With the pictures omitted, print exactly the lines below, from the one containing "Vintage 14K Yellow" through the one containing "Will come packaged in a gift box", and nothing else.

***** PROVIDED DATA *****

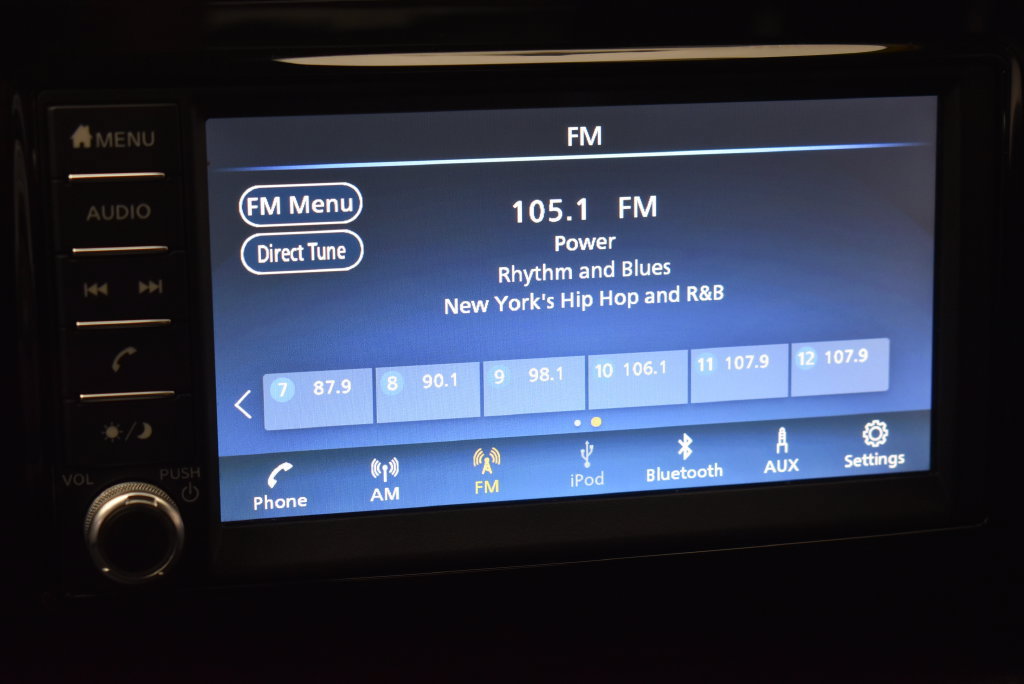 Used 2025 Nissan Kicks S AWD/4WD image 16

*****
***** PROVIDED DATA *****

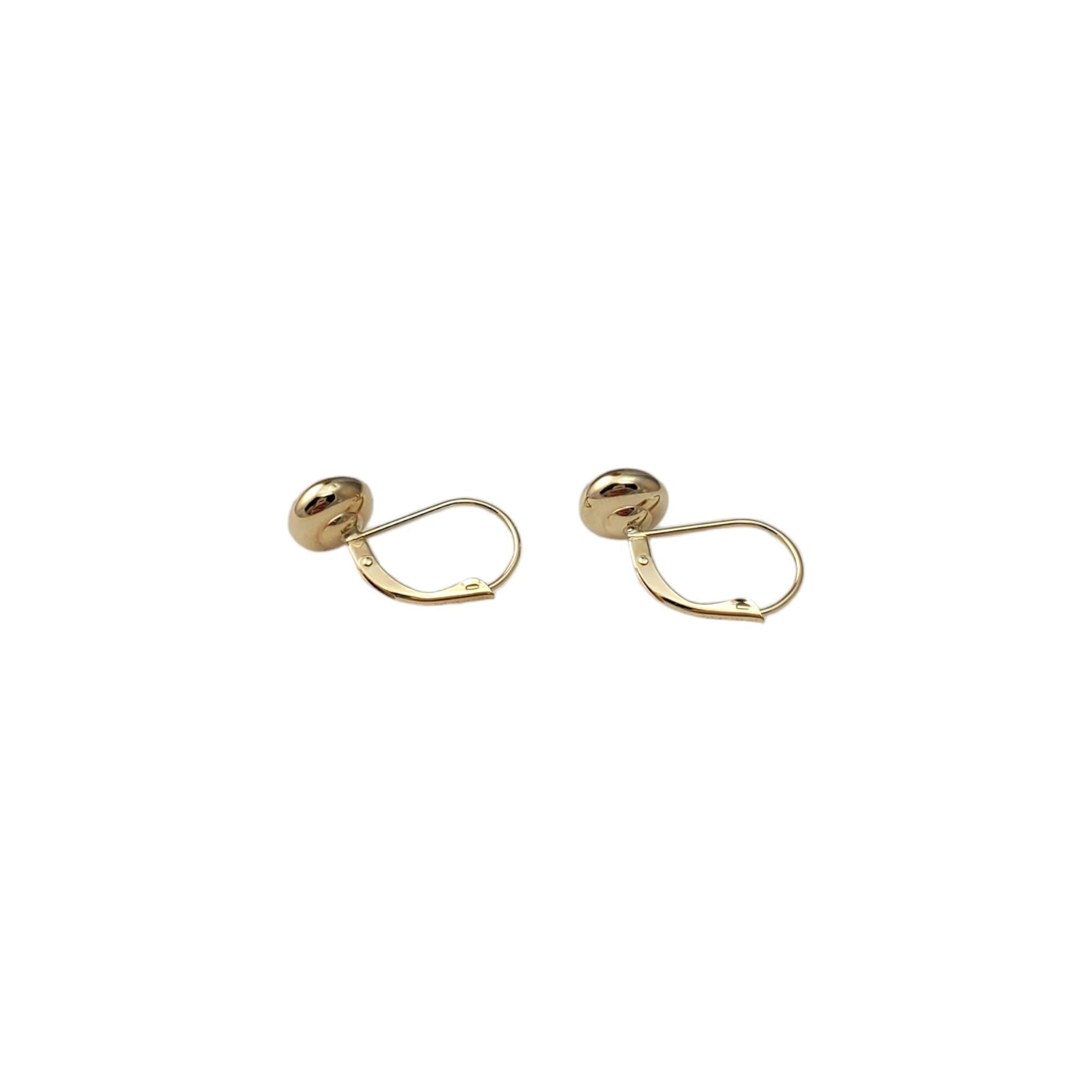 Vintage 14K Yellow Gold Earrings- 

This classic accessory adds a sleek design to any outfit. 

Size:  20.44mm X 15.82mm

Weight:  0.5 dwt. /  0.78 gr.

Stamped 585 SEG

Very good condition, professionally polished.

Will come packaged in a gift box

*****
***** PROVIDED DATA *****

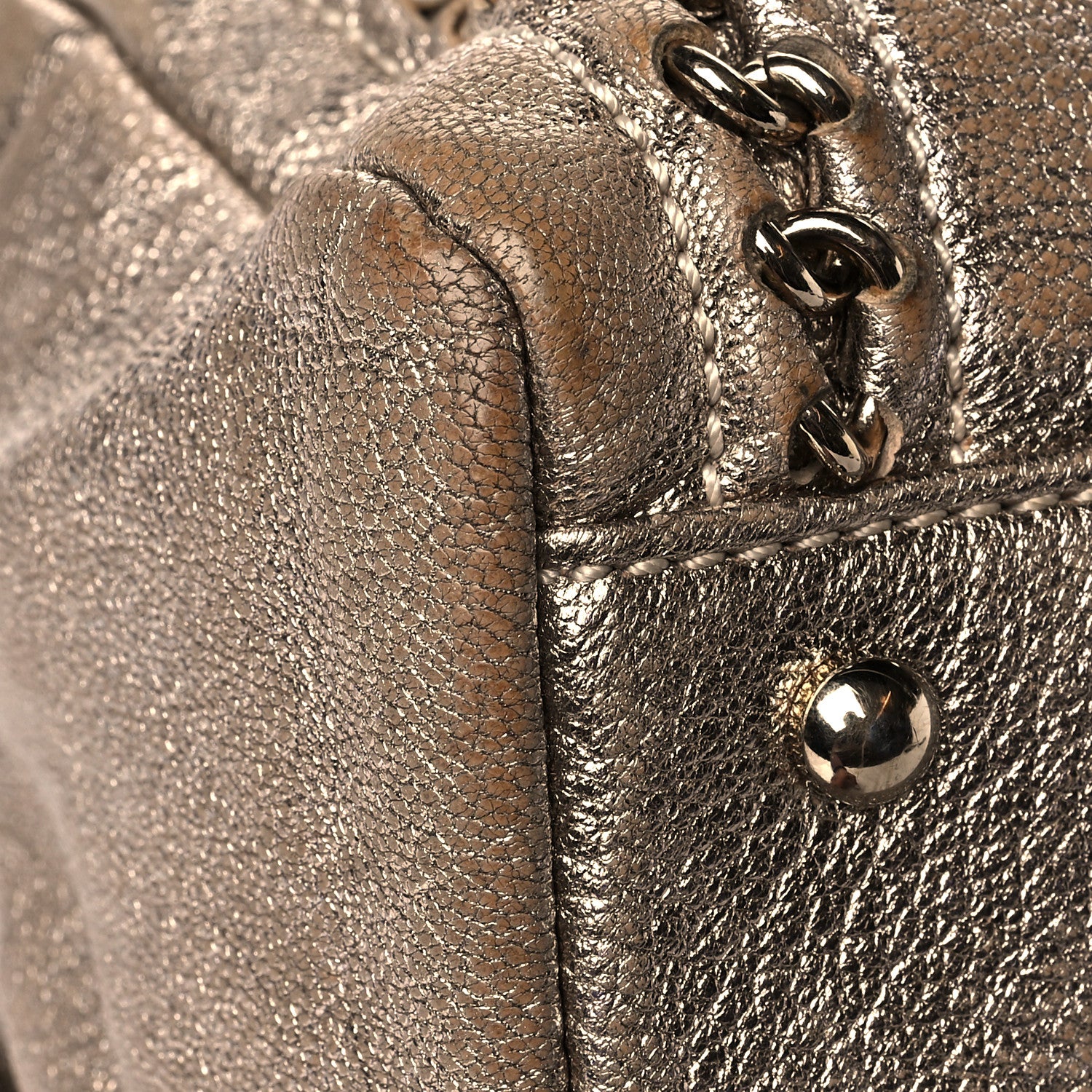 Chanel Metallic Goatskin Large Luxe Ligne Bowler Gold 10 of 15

*****

_RESULT FOR THIS TASK_
 Vintage 14K Yellow Gold Earrings- 

This classic accessory adds a sleek design to any outfit. 

Size:  20.44mm X 15.82mm

Weight:  0.5 dwt. /  0.78 gr.

Stamped 585 SEG

Very good condition, professionally polished.

Will come packaged in a gift box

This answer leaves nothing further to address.